Two tremors in the NFL landscape began this week, as the Chargers released RB LaDanian Tomlinson and the Patriots announced they would use the franchise tag on NT Vince Wilfork. Here are thoughts on both moves. We’ll compare the Tomlinson release to others entering the league year next week, and we’ll compare Wilfork to other franchise players once the deadline for tagging players passes later this week.

In San Diego, Tomlinson had a great career for the Chargers, but like most running backs in the NFL, he is hitting the wall hard now that he’s 30. LDT hasn’t been the same back the last two seasons, and he’s no longer an elite player as a rusher or receiver. The Chargers redid his contract last year to give him a chance to prove he was back, but Tomlinson was unable to do so, and that made this decision the right move professionally. Now the Chargers will rely more on Darren Sproles as their backfield sparkplug while they look for a back who can carry enough of the load to keep the diminutive Sproles healthy. Tomlinson leaves San Diego as one of the greatest Chargers of all time – the kind of player whose number should be retired by the franchise. Unfortunately, he also leaves as a washed-up running back whose next stop will remind us not of his salad days but of Emmitt Smith in Arizona, Tony Dorsett in Denver, or Franco Harris in Seattle.

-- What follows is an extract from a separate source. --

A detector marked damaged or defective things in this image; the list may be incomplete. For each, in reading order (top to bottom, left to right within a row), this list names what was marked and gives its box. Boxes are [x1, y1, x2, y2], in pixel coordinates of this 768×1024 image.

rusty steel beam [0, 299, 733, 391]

In New England, the massive Wilfork won’t see unrestricted free agency because the Patriots used the franchise tag on him. That guarantees Wilfork a one-year, $7 million contract but keeps him from hitting the lottery with guaranteed money in a long-term contract elsewhere. The Pats say they want to find a long-term solution with Wilfork, but the franchise’s unwillingness to pay other players like Asante Samuel or Richard Seymour is enough reason to make Wilfork’s agent nervous. Wilfork is the prototypical 3-4 nose tackle, and that makes him incredibly valuable. He’s a run stuffer who can collapse the pocket, and there just aren’t many of those guys walking the earth. So Wilfork is definitely worth the $7 million to the Patriots this season, and he might still end up cashing a bigger check by the time his status is resolved.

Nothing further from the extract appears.